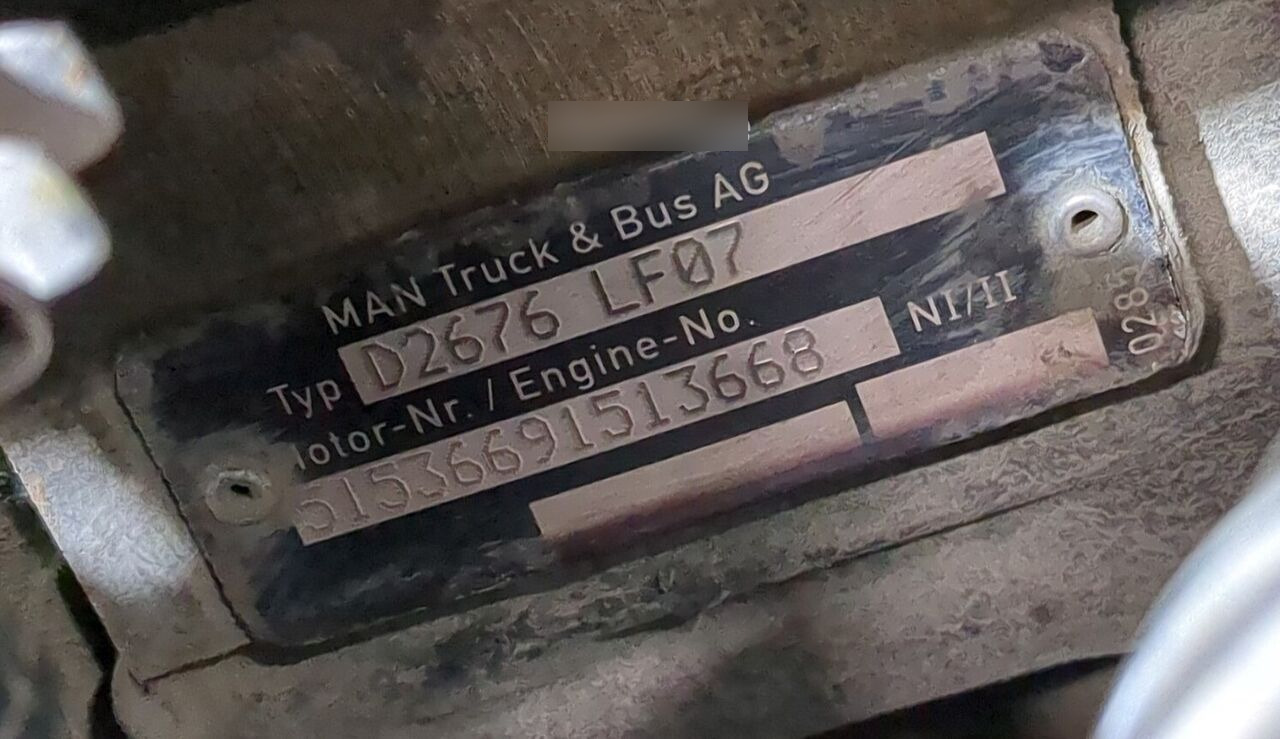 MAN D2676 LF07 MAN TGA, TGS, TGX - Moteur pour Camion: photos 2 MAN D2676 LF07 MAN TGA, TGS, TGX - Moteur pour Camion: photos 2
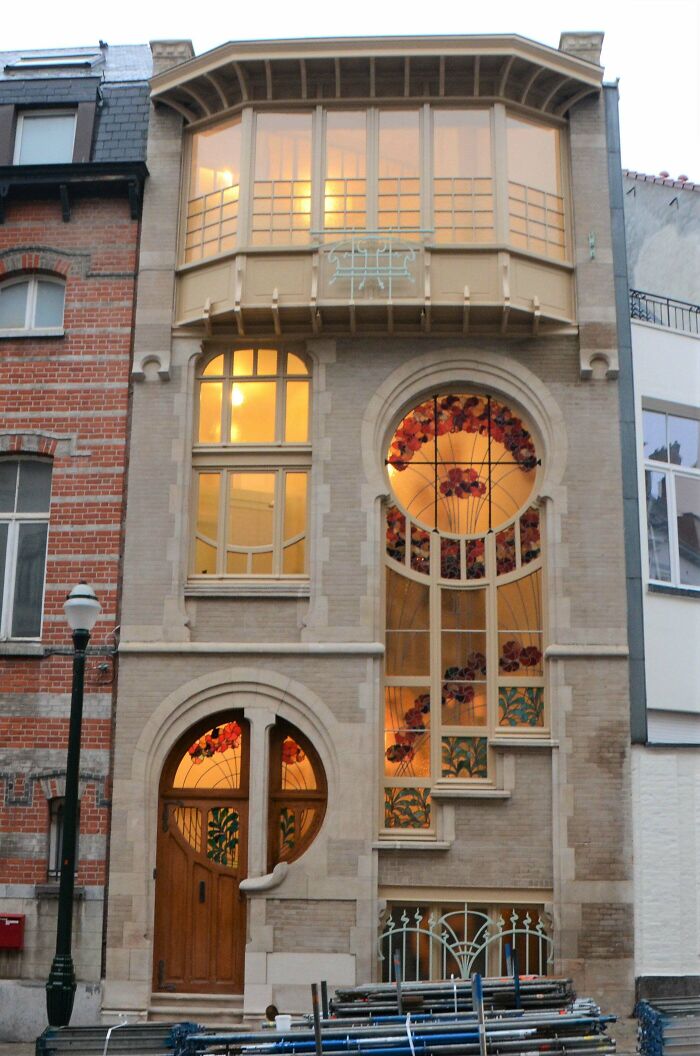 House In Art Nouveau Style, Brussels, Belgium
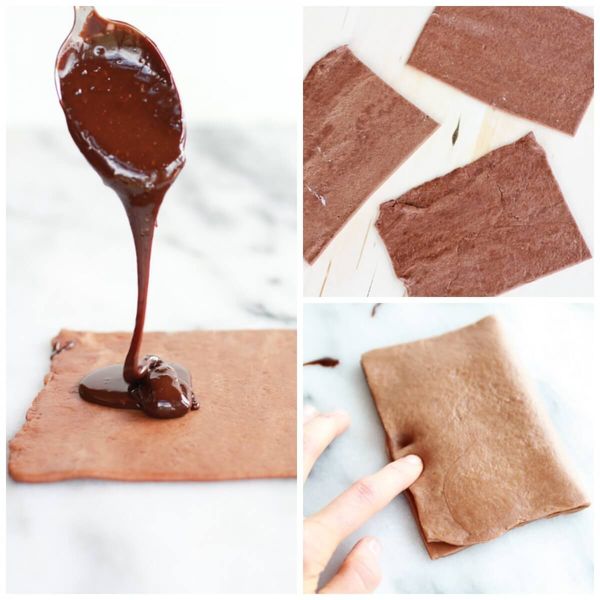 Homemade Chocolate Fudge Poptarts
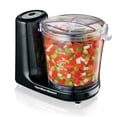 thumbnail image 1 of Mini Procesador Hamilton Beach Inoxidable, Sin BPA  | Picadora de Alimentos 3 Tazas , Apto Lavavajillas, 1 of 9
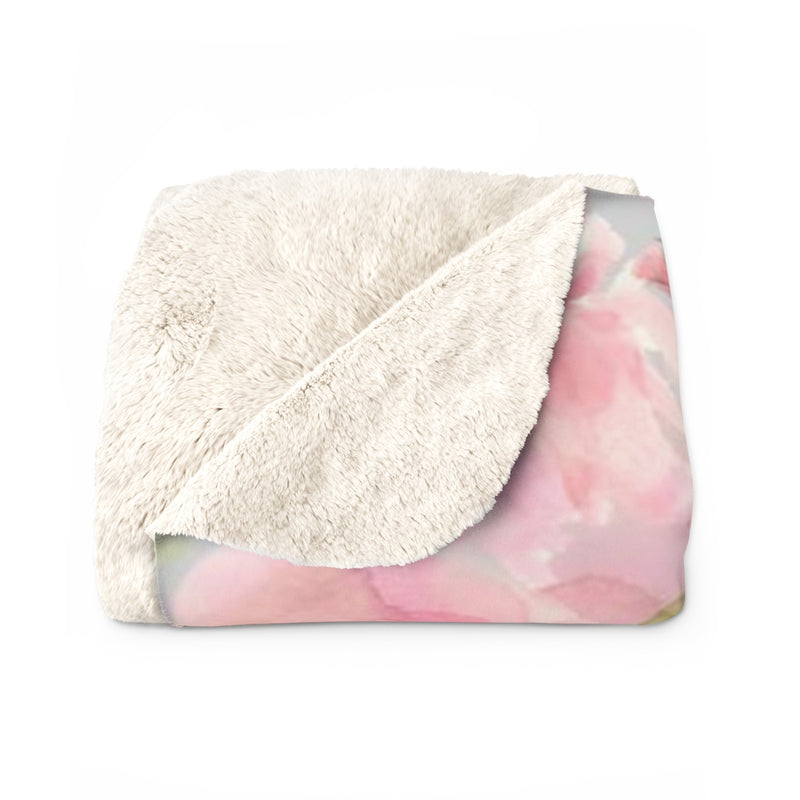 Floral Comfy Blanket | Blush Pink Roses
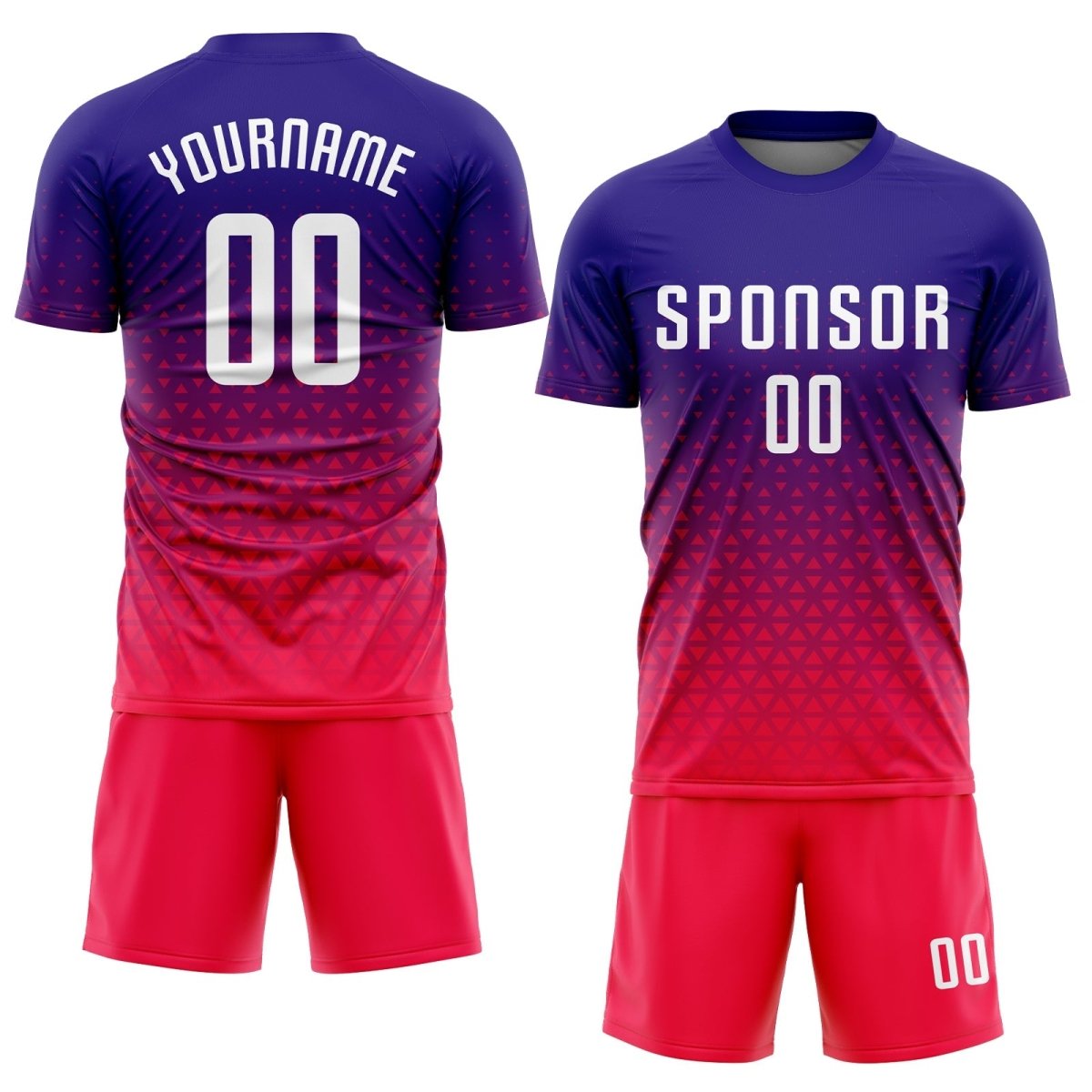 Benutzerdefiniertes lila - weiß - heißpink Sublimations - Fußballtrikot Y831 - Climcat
- - - - -
■ Task details ■
Quote the records above exactly, leaving out any pictures.

■ Reply to the exercise ■
 MAN D2676 LF07 MAN TGA, TGS, TGX - Moteur pour Camion: photos 2 MAN D2676 LF07 MAN TGA, TGS, TGX - Moteur pour Camion: photos 2
 House In Art Nouveau Style, Brussels, Belgium
 Homemade Chocolate Fudge Poptarts
 thumbnail image 1 of Mini Procesador Hamilton Beach Inoxidable, Sin BPA  | Picadora de Alimentos 3 Tazas , Apto Lavavajillas, 1 of 9
 Floral Comfy Blanket | Blush Pink Roses
 Benutzerdefiniertes lila - weiß - heißpink Sublimations - Fußballtrikot Y831 - Climcat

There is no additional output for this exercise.